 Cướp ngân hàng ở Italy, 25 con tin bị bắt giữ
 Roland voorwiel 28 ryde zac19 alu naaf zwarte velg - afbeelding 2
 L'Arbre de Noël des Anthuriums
***
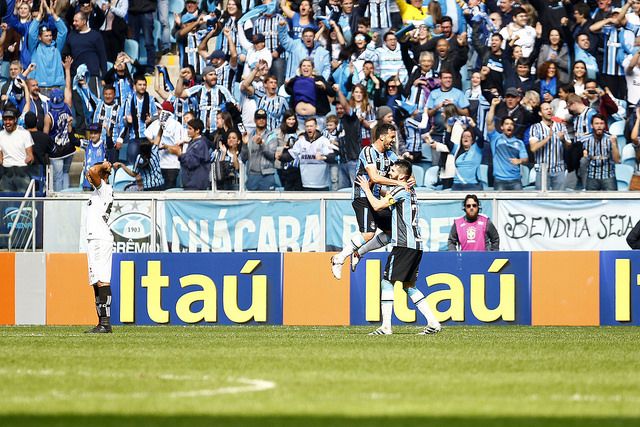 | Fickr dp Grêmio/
***
WORK ITEM:
Print again the lines of the entries above that fall between the line holding "Roland voorwiel 28" and the line holding "L'Arbre de Noël des Anthuriums", inclusive, exactly as they stand.

RESULT OF THIS EXERCISE:
 Roland voorwiel 28 ryde zac19 alu naaf zwarte velg - afbeelding 2
 L'Arbre de Noël des Anthuriums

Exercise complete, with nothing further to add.